Reputation: 1451
in wrapper classes we have two types of methods parseXxx() and valueOf() in every wrapper class for interconversion between primitive and wrapper objects.recently java 1.5 introduced auto boxing and boxing.so why they didn't deprecate those methods.
Upvotes: 3
Views: 817
Reputation: 52
As the command line arguments are treated as String Array, but given the condition when you are expecting command line argument other than String datatype(that may be primitives) i.e. boolean, int, byte, short, long, float, double, char than you need to parse the argument into the one what your program expects and here you use parseXXX() methods, to be precise parseXXX method take String argument and return the appropriate data type which you are trying to parse into.
Upvotes: 0
Reputation: 8628
1. There can be value sometimes in explicitly stating some conversion (for the clarity of e.g. some unobvious/obscure case).
2. Wouldn't that deprecation result in old programs becoming excessively littered with deprecation warnings?
Upvotes: 0
Reputation: 62593
Because Autoboxing and Auto Unboxing are just compile time features.
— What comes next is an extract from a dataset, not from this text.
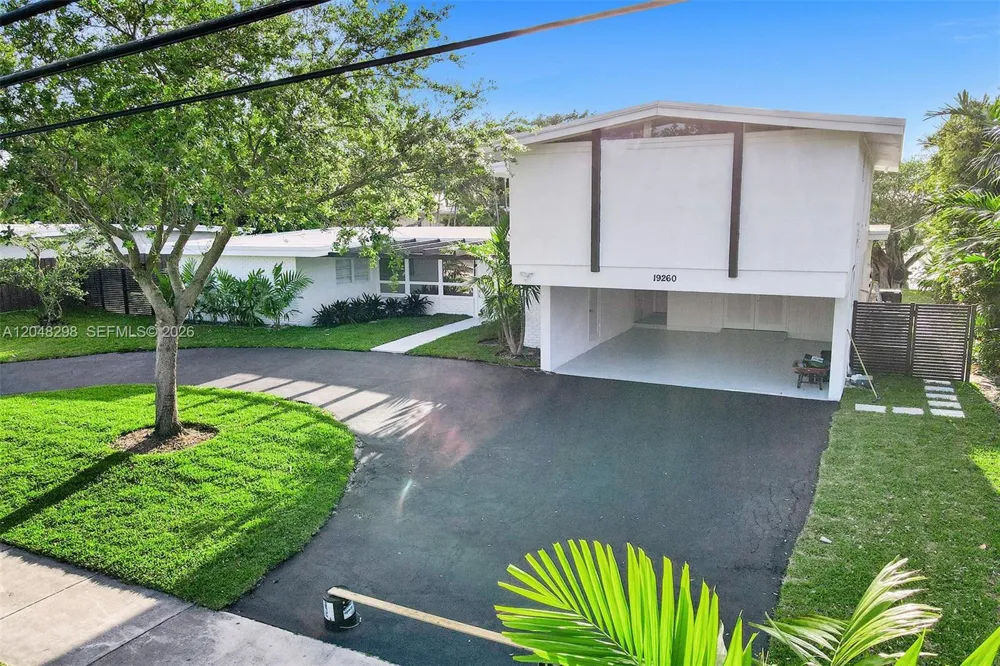 19260 NE 22nd Ave North Miami Beach, FL 33180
Try writing something like this in your source file and then have a look at the decompiled code:
Integer i = 10;
Decompiled code:
Integer i = Integer.valueOf(10);
Similarly,
int i = new Integer(100);
will give you the below when decompiled:
int i = (new Integer(100)).intValue();
Thus, the JVM still heavily relies on these methods at runtime, though it's masked when you write the code.
Upvotes: 6
Reputation: 81694
Well, parseXxx() is entirely unlike boxing; it turns a String into a primitive object. valueOf(), on the other hand, is actually used in boxing -- it either constructs a new wrapper object, or it fetches an existing one from a cache, depending on the value. The Java compiler generates a call to valueOf(), and that's precisely what boxing means.